I agree with the first part, but not with the second. Human beings have imaginations -- often vivid imaginations. If the only way a person comes to believe in invisible entities like demons or ghosts is for someone to tell them, who told the person who told them? Who told the first person to entertain such a belief?

It seems to be a part of the human condition that human beings like answers, and are uncomfortable not having them. Some people are very uncomfortable not having them-- so much so that when they can't find ready explanations in nature that they can easily understand, they create their own. And in many cases they come to believe them.

That, I think, is how religions come to be. They can be propogated and maintained by telling other people about them, and they can be recognized as a potential means of socio/political control and exploited as such.

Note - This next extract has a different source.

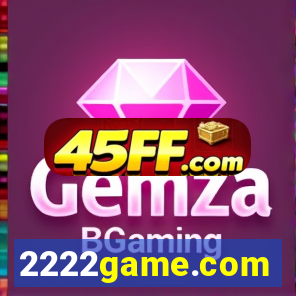 2222game.com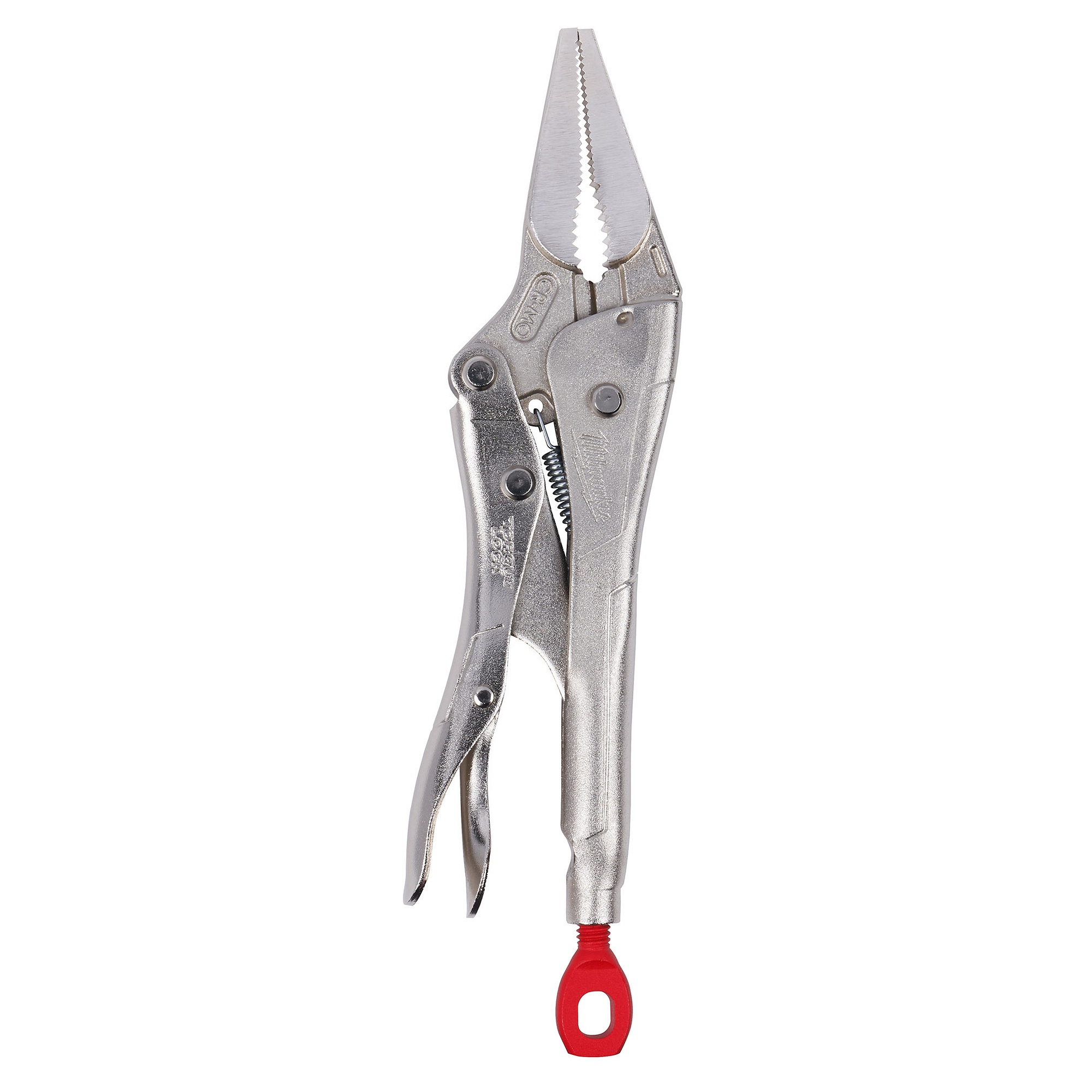 Milwaukee® 48-22-3506 Locking Pliers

But in the absense of other input, people (some people, anyway) will use their imaginations to create their own explanations, and some of these explanations will grow in to the systems that we call "religions."

Piscivore
16th May 2008, 02:35 PM
I agree with the first part, but not with the second. Human beings have imaginations -- often vivid imaginations. If the only way a person comes to believe in invisible entities like demons or ghosts is for someone to tell them, who told the person who told them? Who told the first person to entertain such a belief?

It seems to be a part of the human condition that human beings like answers, and are uncomfortable not having them. Some people are very uncomfortable not having them-- so much so that when they can't find ready explanations in nature that they can easily understand, they create their own. And in many cases they come to believe them.

That, I think, is how religions come to be. They can be propogated and maintained by telling other people about them, and they can be recognized as a potential means of socio/political control and exploited as such. But in the absense of other input, people (some people, anyway) will use their imaginations to create their own explanations, and some of these explanations will grow in to the systems that we call "religions."

Well said.

Bodhi Dharma Zen
16th May 2008, 03:32 PM
I think people evolved to look for answers and understand the world the best they can-- they use stories, and the people they trust, and myths for clues-- and the brain even confabulates to help make sense of our world.

Like Dr H I agree with this part.

I think religion has hijacked these tendencies through fear and promises and a supposed peek at the "divine".

Not religion, but "political obsessed religious authorities". People who have been able to live better than others merchandising religious stuff.

Without religion... kids don't grow up religious. They might have fear... they might not know what causes it... but they don't imagine it's demons or ghosts. They don't believe in invisible entities without someone telling them about such things.

But, excuse me, this is absurd. Some individuals will develop religions, some others not. Like Dr H said, it can be called "a human necessity" to have answers. For me, it is simply that humans need solid ground in order to being able to justify our actions.

You also ignore here how the brain functions, some people are hardwired in a way that they will see ghosts, they will hear voices, they will "feel" things that they will label "extraordinary", "supernatural" and things like that.

Nope, "teaching them" that science can deal with what they believe is "supernatural" will not (always) help. They see the world in a way you possible will never understand (not that I do, but at least I'm aware of this).

I'm sure you know the experiment designed to make you feel "a divine presence" by simply stimulating your brain with EM. So, in conclusion, BRAINS produce such beliefs, it is normal. The search for meaning is natural in our species, and for some this meaning comes in the form of ghosts, gods and supernatural beliefs.